Information Entropy as a measure of average surprise
The probability of rolling a Heads in a fair coin is \(p=0.5\). An observation of a single Heads is not surprising. How surprised would you be in an observation of 10 Heads from 10 rolls? It might be natural to feel 10 times as surprised. The concept of surprisal should be a function of probability with an additive nature. One function with this property is the negative logarithm. Let \(h_{i}\) be the surprisal of outcome \(i\):
\[h_{i}=-\text{log}p_{i}\]where \(p_{i}\) is the associated probability. The average, expected, surprisal is then
\[H = \mathbb{E}[h] = -\sum_{i}p_{i}h_{i} = -\sum_{i}p_{i}\text{log}p_{i}\]which is defined as the entropy and is a property of a given probability distribution. If the dice were loaded on Heads then the average surprisal might not be as big.
We can define the cross-entropy:
\[H(p,q)=-\sum_{i}p_{i}\text{log}q_{i}\]where \(q_i\) and \(p_i\) are the probabilities of outcome \(i\) under distributions \(q\) and \(p\) where \(q\) could be our belief in a fair dice and \(p\) could represent the Heads-loaded dice. Cross-entropy allows us to quantify the expected surprise of a model \(q\) used to approximate the true distribution \(p\).
We can subtract the entropy of \(p\) from the cross-entropy to arrive at the Kullback-Leibler divergence:
\[D_{KL} = H(p,q) - H(p) = -\sum_{i}p_{i}\text{log}q_{i} + \sum_{i}p_i\text{log}p_i = -\sum_{i}p_{i}\text{log}\frac{p_{i}}{q_{i}}\]which measures the expected additional surprisal (over the base entropy from \(p\)). The KL divergence is a useful metric in constructing models, like neural networks, that minimize our surprise in how bad they are. It is always non-negative and equals zero if and only if \(p=q\) everywhere and acts as a distance measure between two probability distributions. Note: the word “distance” is used loosely here since the KL divergence is not symmetric.

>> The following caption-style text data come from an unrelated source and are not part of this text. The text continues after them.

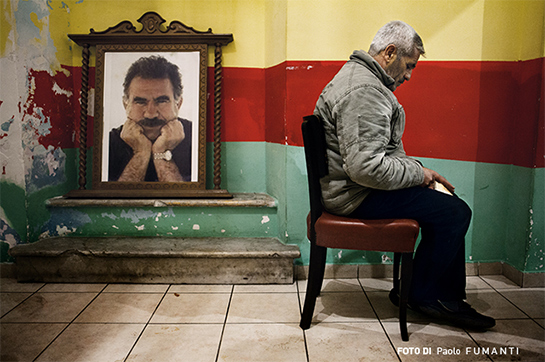 //La sala di lettura del centro culturale curdo “Ararat”che accoglie molti dei richiedenti asilo e rifugiati politici in transito da Roma. Il suo nome ricorda quello del monte divenuto un simbolo per curdi e armeni e la prima nave arrivata in Italia con a bordo 835 profughi turchi e iracheni nel 1997.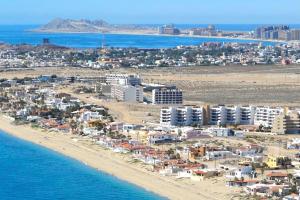 Ocean View Condo with Pools and Easy Beach Access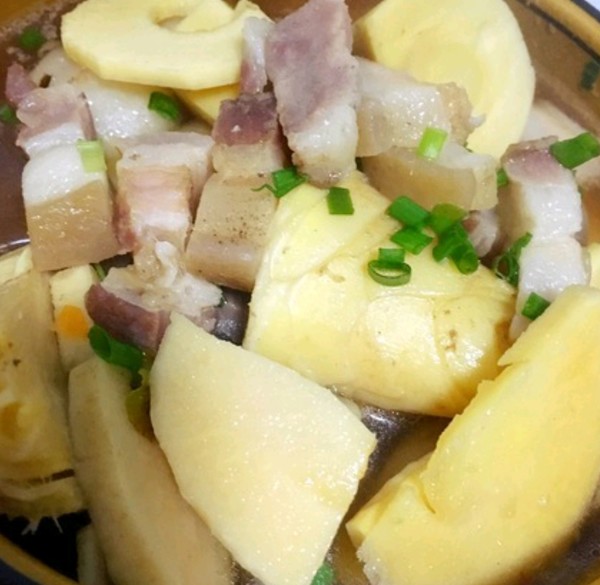 Two-color Radish and Bacon Soup recipe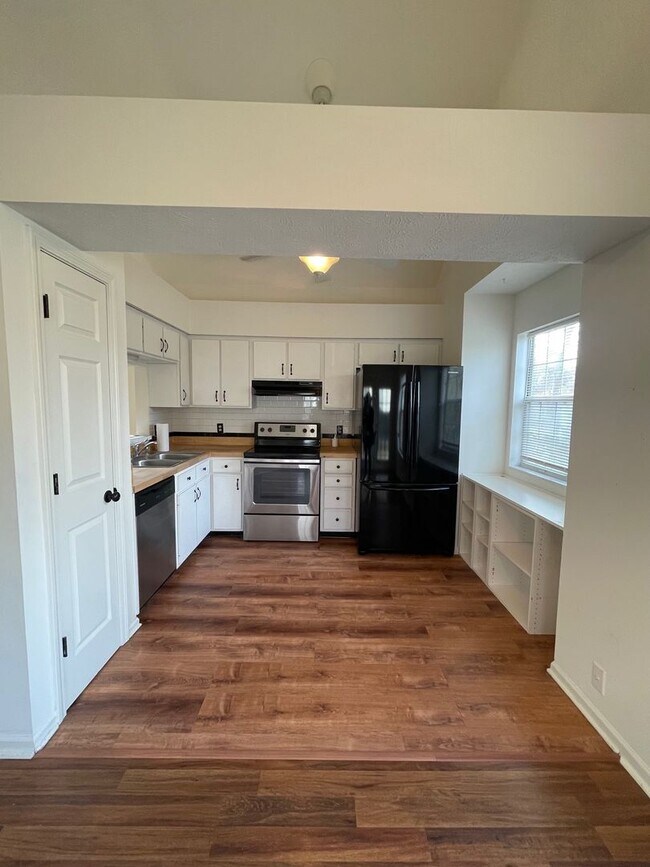 Building Photo - Beautiful 3-Bedroom Home in Prime Goodlettsville Location!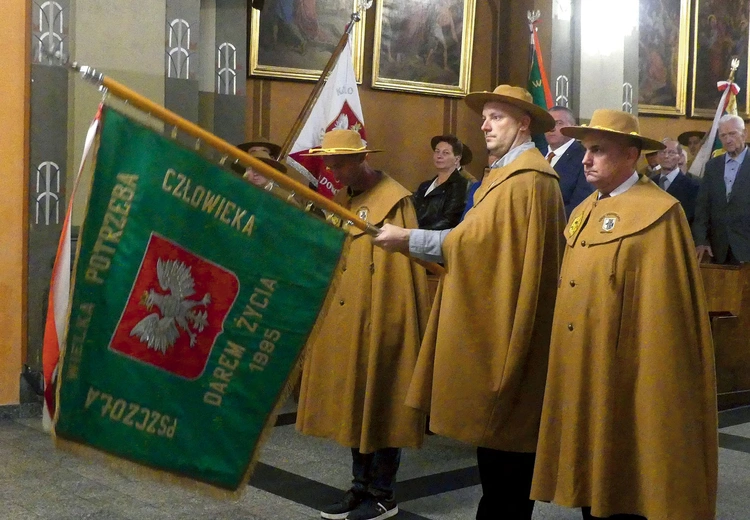 Jubileuszowe obchody rozpoczęły się w katedrze św. Mikołaja.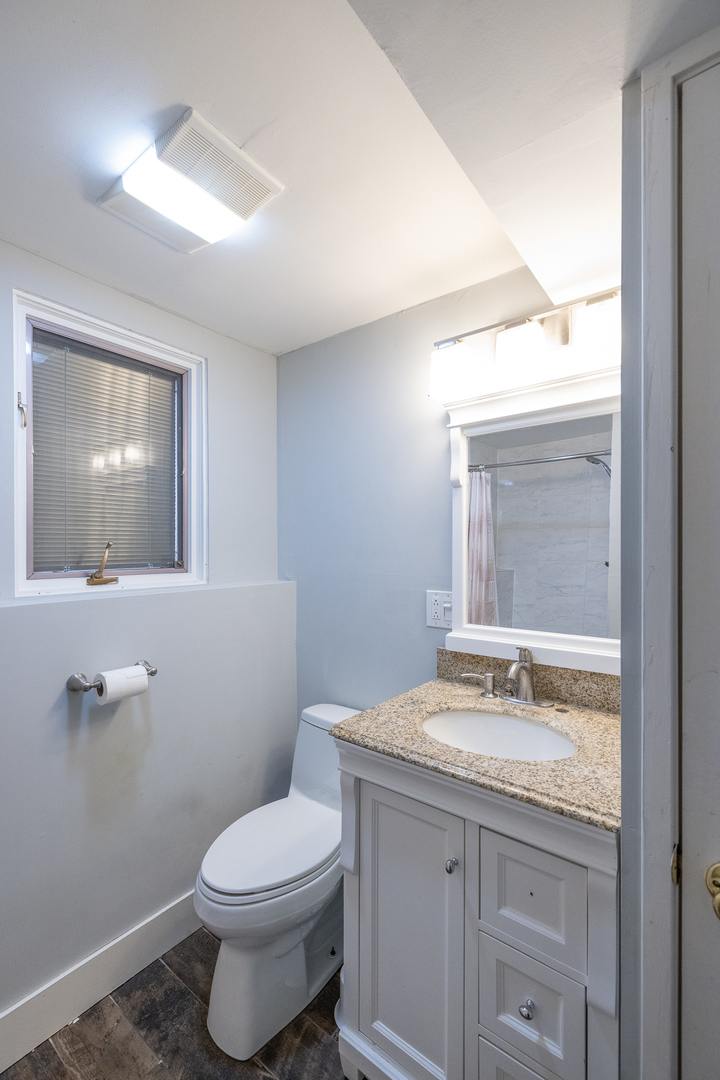 3922 N Cass Avenue, Westmont, IL 60559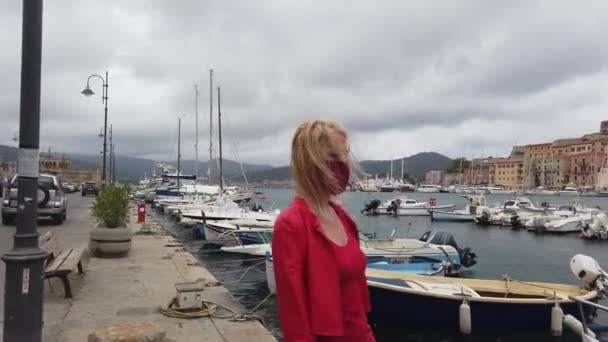 Covid-19 'daki Elba Adası Portoferraio Limanı. — Stok video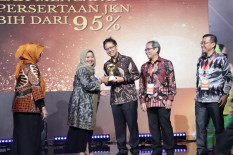 Wakil Presiden RI Berikan Penghargaan Pemda Berstatus Universal Health Coverage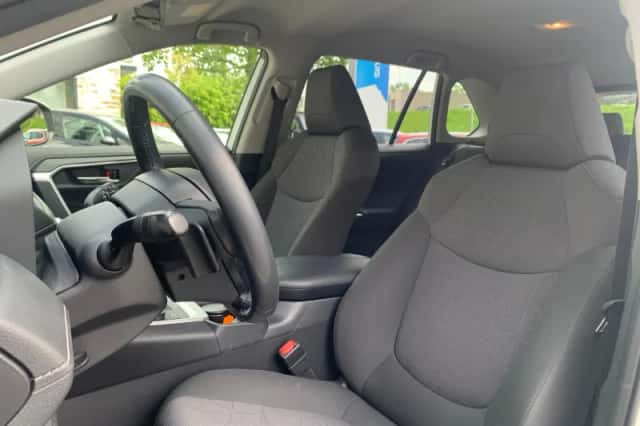 Toyota RAV4 (2019) thumbnail 26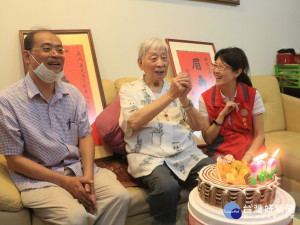 新北市榮民服務處輔導組組長藍瑞玲24日率榮欣志工，前往土城區為榮民吳立人爺爺慶祝百歲壽誕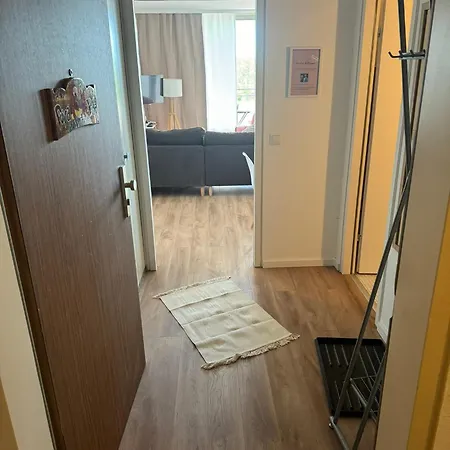 1 Mit Balkon Und Kueche *
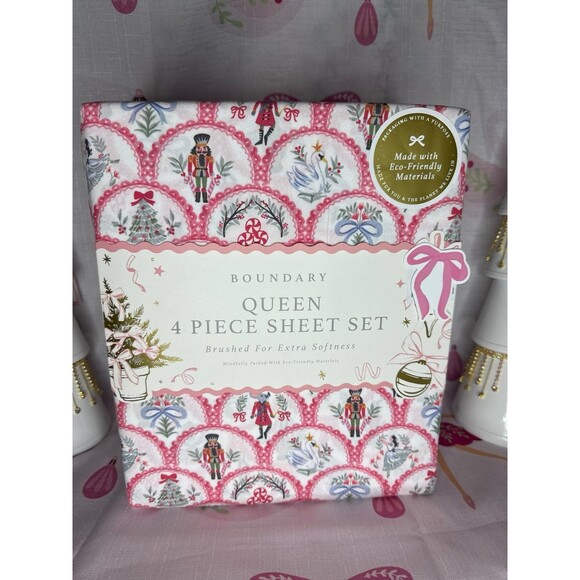 New Boundary Christmas Nutcracker Queen Sheet Set - Picture 2 of 7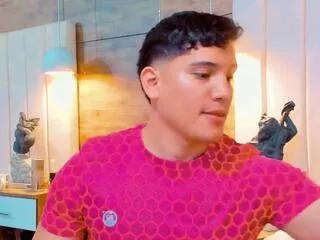 esteban_morenoo on Flirt4Free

Neural networks are universal function approximators which, when constructed to model probability distributions, can learn to model some target data distribution by minimizing the KL divergence. Note: the cross entropy is also used as there is only a difference of a constant, \(H(p)\) which does not change the shape of the optimization landscape. KL-divergence is also used in variational inference.